Su convocatoria procedió de ordinario del emperador, única autoridad capaz de arbitrar
los medios indispensables para la celebración de tan grandes asambleas; en varios de
ellos, la convocatoria imperial fue promovida por una iniciativa pontificia, y los legados
papales ocupaban un lugar de honor en el aula conciliar. El reconocimiento del carácter
ecuménico de un gran concilio se fundó en su recepción por la Iglesia universal,
expresada sobre todo a través de la confirmación papal de sus cánones y decretos.
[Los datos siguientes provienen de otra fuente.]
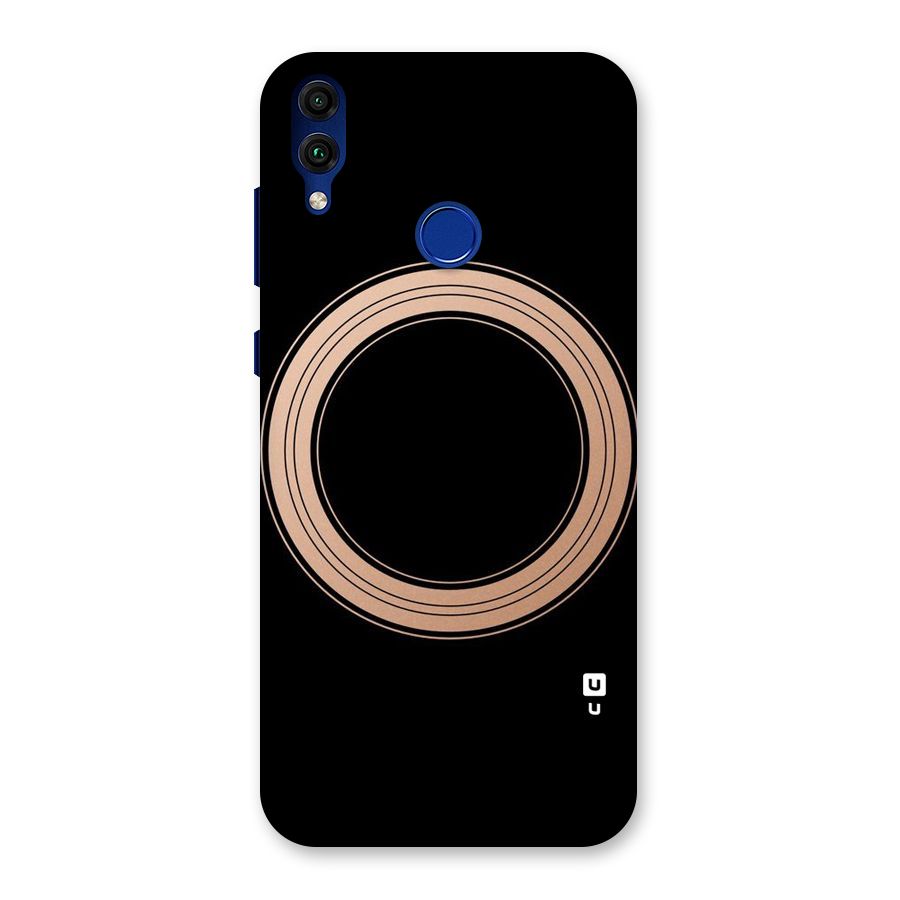 Elite Circle Back Case for Honor 8C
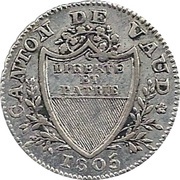 5 Batzen obverse image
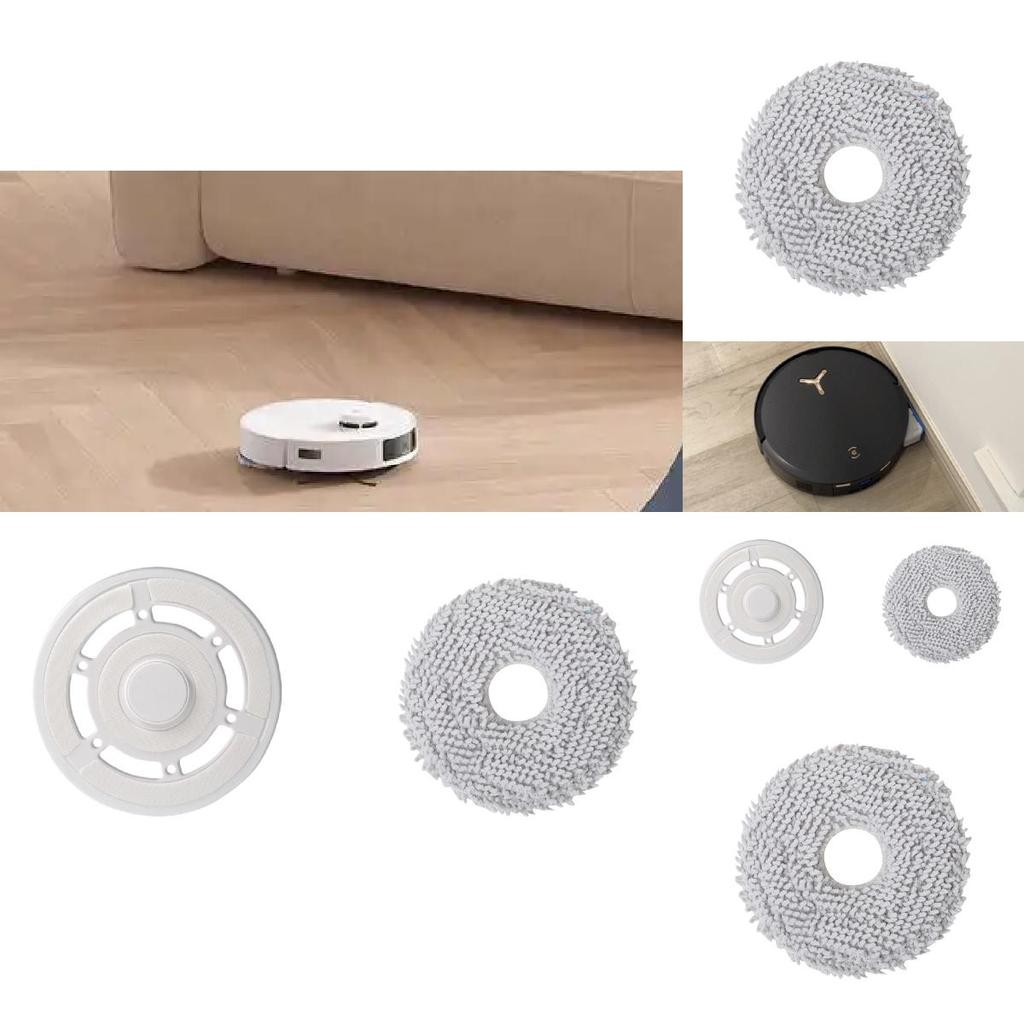 For Ecovacs Deebot T30 Pro Max Robot Vacuum Replacement Mop Cloth Holder Cleaning Solution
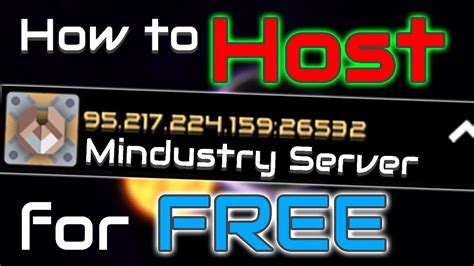 how to make a mindustry server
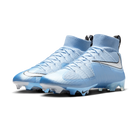 Nike Vapor Edge 360 Untouchable Mid Aluminum Football Grey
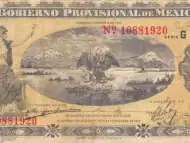 Мексико 2 песос 1915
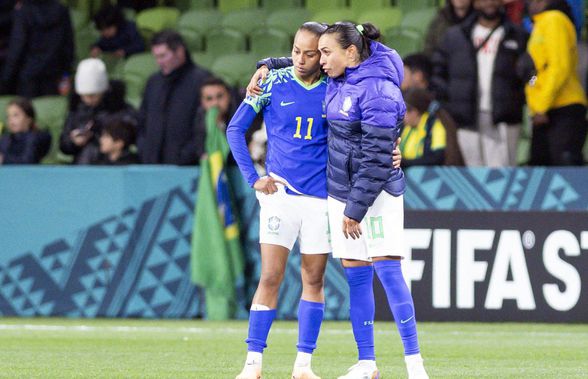 Șoc la Mondialul feminin! Brazilia, eliminată în premieră istorică în faza grupelor » Legenda Selecao se retrage după 6 turnee finale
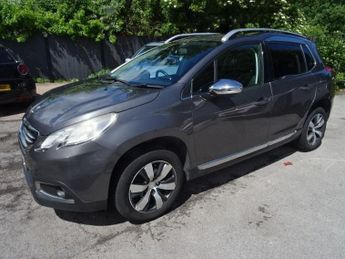 PEUGEOT 2008 1.6 e-HDi Allure SUV 5dr Diesel Manual Euro 5 (s/s) (92 ps)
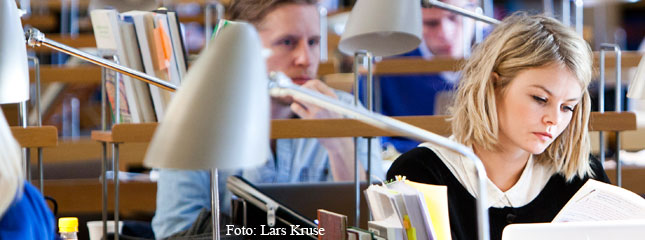 Get an overview of application and admission to higher education programmes plus study guidance.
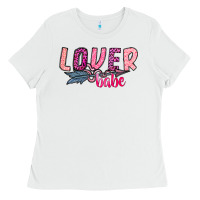 White Lover Babe Ladies Tee - SublimationCraftShop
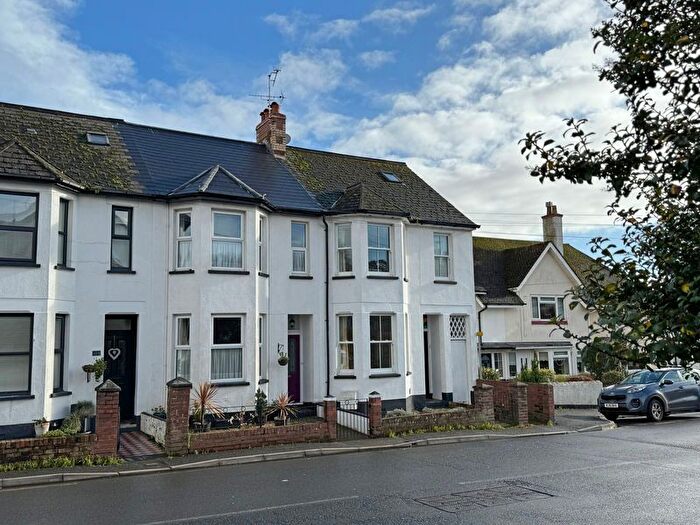 3 Bedroom Terraced House For Sale In Temple Street, Sidmouth, EX10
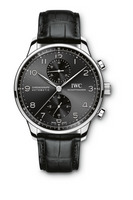 IWC Portugieser Perpetual Calendar 5023 Platinum / Silver  (IW3714-47)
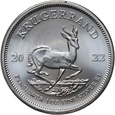 RPA, 1 Krugerrand 2022, uncja srebra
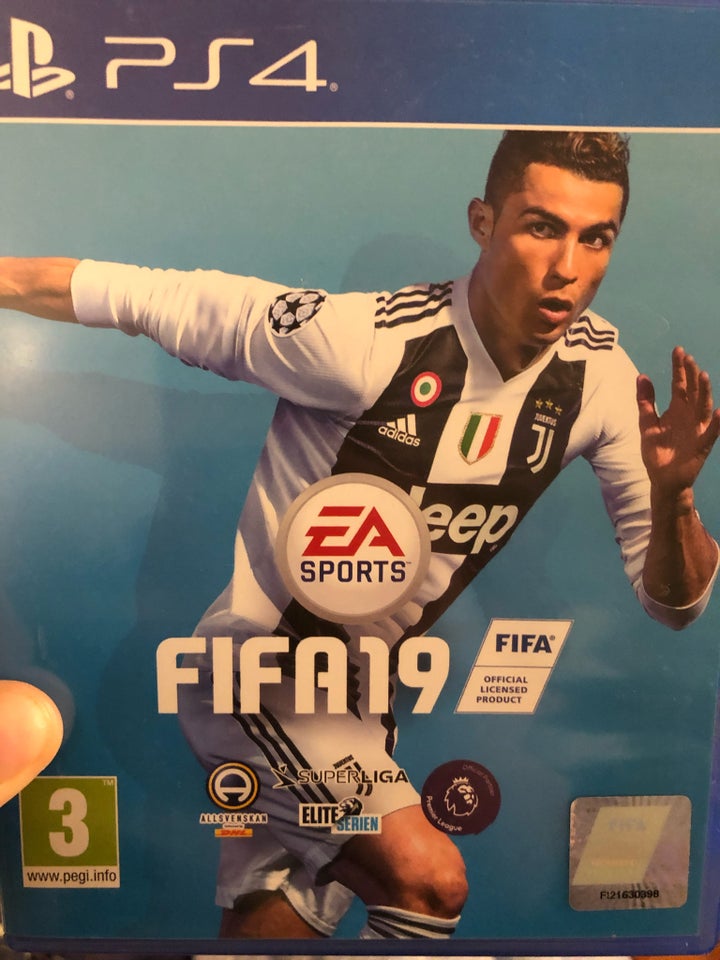 Fifa19, PS4, sport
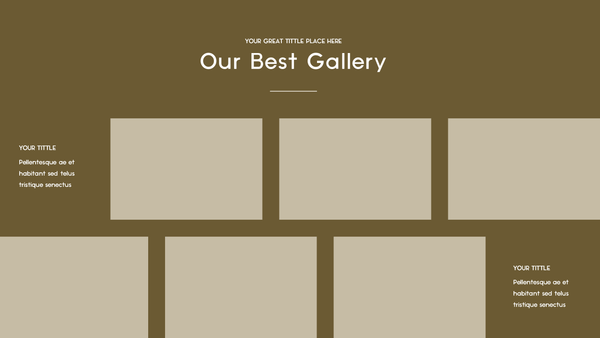Montabuzz Business Presentation Template
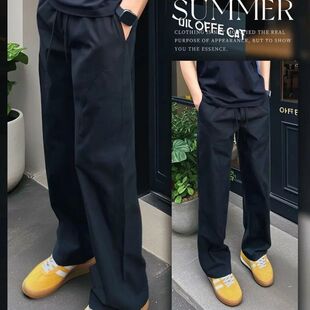 2026年春夏季新款美式斜切冲锋裤男女工装弯刀裤宽松直筒休闲户外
La libertad de la Iglesia y la conversión del mundo antiguo trajo consigo, finalmente, la
entrada en escena de un nuevo factor de notable importancia para los tiempos futuros:
el emperador cristiano. Este personaje —un simple laico en el orden de la jerarquía—
tenía conciencia, sin embargo, de que le correspondía una misión de defensor de la
Iglesia y promotor del orden cristiano en la sociedad: era la función que se atribuía ya
Constantino cuando tomaba para sí el significativo título de «obispo exterior».
Los emperadores cristianos prestaron indudables servicios a la Iglesia, pero sus
injerencias en la vida eclesiástica produjeron también numerosos abusos, cuya máxima
expresión fue el llamado «Cesaropapismo». Estos abusos fueron particularmente
graves en las iglesias de Oriente. En Occidente, la autoridad del papado, la debilidad
de los emperadores occidentales o la lejanía geográfica de los orientales contribuyeron
a la salvaguardia de la independencia eclesiástica. Las relaciones entre poder espiritual
y temporal, su armónica conjunción y la misión del emperador cristiano fueron tratados
por diversos Padres de la Iglesia y en especial por el papa Gelasio, en una carta al
emperador Anastasio.
Pero el papel del emperador cristiano como protector de la Iglesia se juzgaba tan
indispensable en los siglos de tránsito de la Antigüedad al Medievo que, cuando los
emperadores bizantinos dejaron de cumplir esa misión cerca del Pontificado romano,
los papas buscaron en el rey de los francos el auxilio del poder secular que ya no
podían esperar del emperador oriental.